Posted Jan 19, 2006 10:03 UTC (Thu) by hingo (guest, #14792) [Link]

Just a curious uninformed question, what does this really offer that cannot be done with UML or Xen? Aside from possible performance enhancements and such. I mean I do understand how it's different technically, but if it's so much trouble and invasive on others, what's the real benefit?

Containers and PID virtualization

Posted Jan 19, 2006 11:26 UTC (Thu) by eru (subscriber, #2753) [Link]

> Just a curious uninformed question, what does this really offer that cannot be done with UML or Xen?

Is UML even developed any more these days? Looking at its home page, it seems to talk about 2.4 kernels, like here: http://user-mode-linux.sourceforge.net/dl-sf.html

Anyway, getting these isolated containers without having many copies of the kernel is probably a big enough performance enhancement to be worth the trouble.

Containers and PID virtualization

Posted Jan 19, 2006 14:49 UTC (Thu) by Segora (subscriber, #8209) [Link]

> Is UML even developed any more these days?

UML is included in 2.6 kernels and seems to be actively developed, see also the UML diary[1].

Segora

[1] http://user-mode-linux.sourceforge.net/diary.html

Containers and PID virtualization

Posted Jan 22, 2006 8:38 UTC (Sun) by xorbe (subscriber, #3165) [Link]

Just look further down that page, it says to look at
http://www.user-mode-linux.org/~blaisorblade/
for 2.6.9+ updates (which it has through 2.6.15)

Containers and PID virtualization

Posted Jan 19, 2006 14:05 UTC (Thu) by smoogen (subscriber, #97) [Link]

The future part of this that would seem to be useful would be the cluster aspects.

Machine A detects a system fault and is going to shutdown

A tells the cluster manager(s) it has these containers that need to be moved.

The cluster manager finds another machine (machine C and D) and tells Machine A

Machine A and C/Cdo the needed process handover and containers start running on C/D.

Machine A shutsdown.

[Of course this may be possible with Xen, but it would seem to be a heavier solution with the fact that C/D would then need to instantiate and start a new sub-kernel process and every other sub-process (nfs, etc) that was in the old Xen.]

Containers and PID virtualization

Posted Jan 19, 2006 17:03 UTC (Thu) by swiftone (guest, #17420) [Link]

what does this really offer that cannot be done with UML or Xen?

I'm hardly an expert, but I'll post my understanding here so that if I'm wrong someone can point it out to me :)

Xen, as far as I know, runs a virtual machine within the kernal (okay, it's not a virtual machine in the VMware sense, but that's the concept).

A container is a collection of processes that are aware of each other.
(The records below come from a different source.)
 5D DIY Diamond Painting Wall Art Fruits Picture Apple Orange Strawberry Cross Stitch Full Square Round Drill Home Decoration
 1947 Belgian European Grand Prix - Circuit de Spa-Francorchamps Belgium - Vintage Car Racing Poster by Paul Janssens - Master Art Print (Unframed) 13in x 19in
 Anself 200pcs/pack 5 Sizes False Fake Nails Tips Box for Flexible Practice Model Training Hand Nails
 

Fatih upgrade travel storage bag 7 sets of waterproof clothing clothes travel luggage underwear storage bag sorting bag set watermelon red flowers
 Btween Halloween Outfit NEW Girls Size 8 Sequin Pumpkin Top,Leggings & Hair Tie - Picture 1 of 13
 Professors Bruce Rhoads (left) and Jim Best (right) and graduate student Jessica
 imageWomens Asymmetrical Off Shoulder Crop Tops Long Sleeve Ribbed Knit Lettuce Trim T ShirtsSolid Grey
Basically, Xen is the kernel, and the container is the processes RUNNING on the kernel.

If you have a series of long-running processes that can grow in memory/CPU usage, conventional load-balancing techniques won't help you at all. This would let you move some of those processes to other machines. (or perhaps to another CPU on the same machine...LWN didn't mention anything about threads). Heck, this could give you a "suspend-to-disk" method that would let you take your work from machine to machine. Imagine carrying a USB drive with your work container on it, and being able to load up that container on whatever linux system you're at. (although Xen probably can/will do something similar to that, except that it'd have to carry your whole OS with it)

Containers and PID virtualization

Posted Jan 24, 2006 21:44 UTC (Tue) by zblaxell (subscriber, #26385) [Link]
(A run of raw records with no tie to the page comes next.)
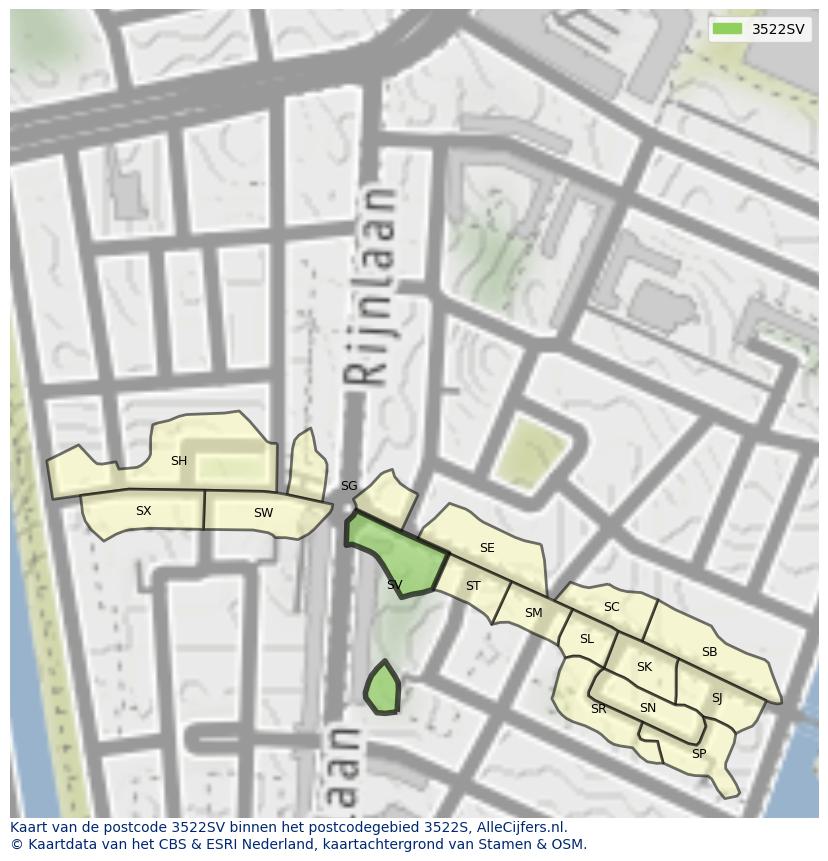 Afbeelding van het postcodegebied 3522 SV op de kaart.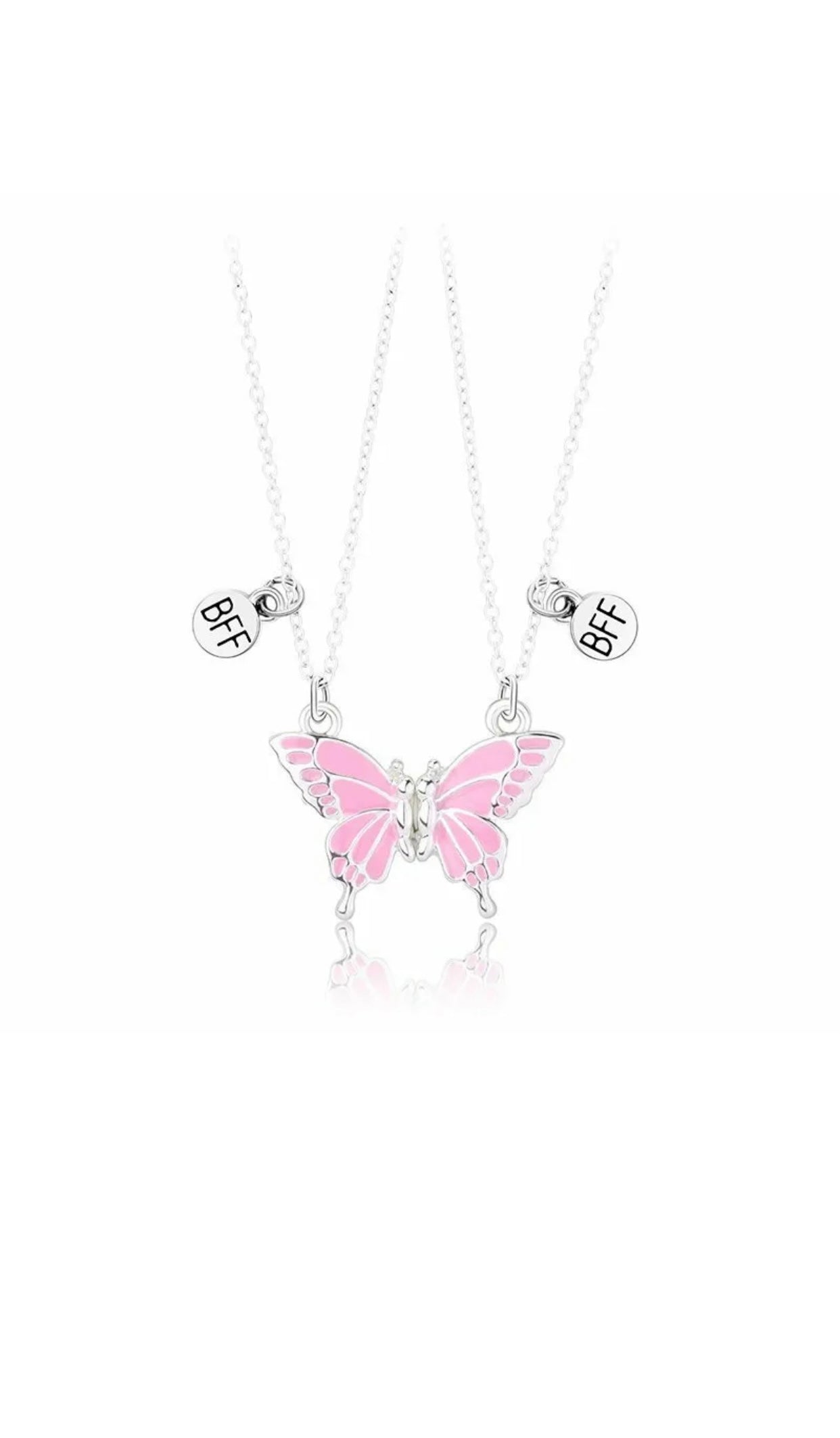 2Pcs Charm Butterfly Necklace BFF Magnetite Attract Pendant Friendship Nacklace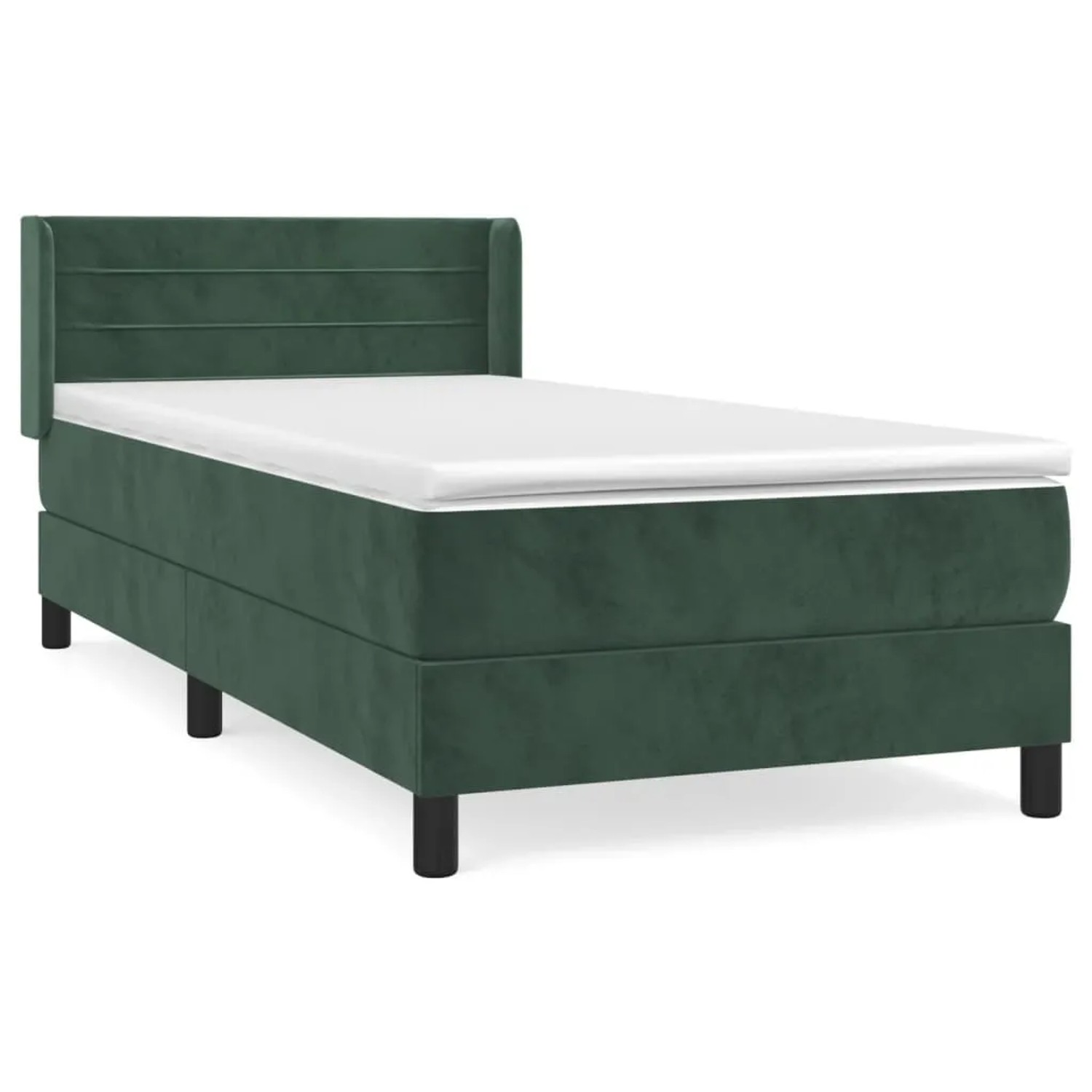 vidaXL Boxspringbett mit Matratze Dunkelgrün 80x200 cm Samt1537193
If I make a few assumptions about process migration:

1. A container cannot be divided--all of its processes move, or none.

2. Moving a container is transparent--the processes have the same open files and network sockets when they arrive at their destination

then there's very little difference between a VM and a migratable process container. A plain process container isn't sufficient--you'd need to keep file descriptors, memory maps, and a bunch of other state to make migration work. VM's have all that, but need nothing else since they can defer the rest to their host kernel.

I suspect that the cost/capability curves of "light VM" and "heavy process container" will intersect each other at some point. The nice thing about VM's is that they start off isolated from the kernel and gradually intrude into the kernel, while process containers start out intrusive and gradually become less intrusive.

Containers and PID virtualization

Posted Feb 1, 2006 17:12 UTC (Wed) by dev (guest, #34359) [Link]

It was implemented in OpenVZ half a year already.
This feature is mostly important for VPS checkpointing/restoring/migration.
And not everyone wants to use Virtual Machines just for having an ability to move applications across machines.